La disparition de Philippe Sollers, au printemps 2023, a entraîné la fin de L’Infini, la collection et la revue qu’il avait créées quarante ans auparavant à la suite de Tel Quel. Le créateur et directeur d’Aventures, Yannick Haenel, était son auteur et son ami, mais cette nouvelle revue de littérature, elle aussi publiée par les éditions Gallimard, ne se veut pas la reprise, ni la transformation de L’Infini : toutes les aventures prennent fin, il fallait en vivre une nouvelle
L’époque pense qu’il serait vain de croire aux capacités de la littérature à vivre et faire vivre. Contre ses vents d’ironie, Aventures défriche les écritures contemporaines. Pour cela, la revue reprend un mot galvaudé qui lui donne son titre et en réactive la puissance, en le considérant comme un nom propre et une ligne de conduite. L’aventure, c’est d’abord ce qui arrive, ce qui advient, de manière inattendue. Elle dit un attachement existentiel à la littérature et son lien à la vie.

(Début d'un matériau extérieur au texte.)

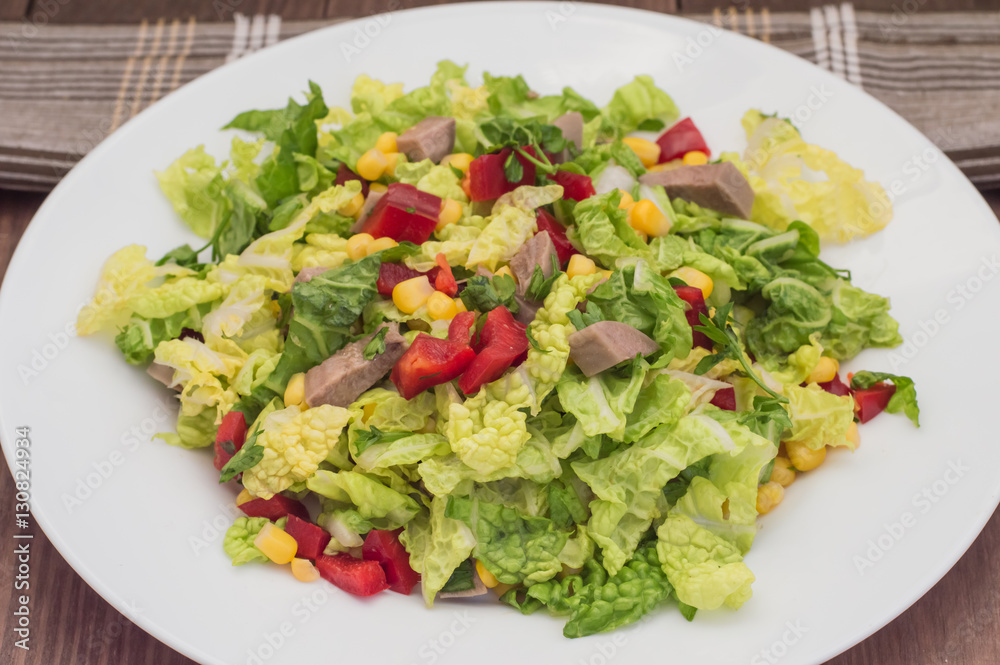 Salad from beef tongue, Chinese cabbage, peppers, corn, parsley and basil. Wooden background. Top view Salad from beef tongue, Chinese cabbage, peppers, corn, parsley and basil. Wooden background. Top view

C’est cette force événementielle qui est au cœur des textes rassemblés dans chaque numéro, c’est aussi l’effet qu’il procure : bon nombre de textes expérimentent le langage, cherchent des voies, composent avec des contradictions. La forte place accordée à la poésie et aux poètes (Amandine André, Camille Goudeau, Christophe Manon, Laura Vasquez, Fanny Wallendorf dans le premier numéro, Muriel Pic et Denise dans le second) et la découverte de jeunes auteurs vont aussi dans le sens d’un langage qui apparaît. La revue joue aussi de l’effet de surprise en jouant avec la forme du « dossier », en particulier dans son numéro 2, qui demande à vingt-cinq auteurs ce qui ou qui les passionne. Puisque « l’usage poétique du langage est désormais une réponse politique, une éthique, une exigence nécessaire face à ce qui arrive planétairement aux énoncés », écrit Yannick Haenel en préambule, dire sa passion, plus que rejouer une partition littéraire trop connue, re-passionne le langage.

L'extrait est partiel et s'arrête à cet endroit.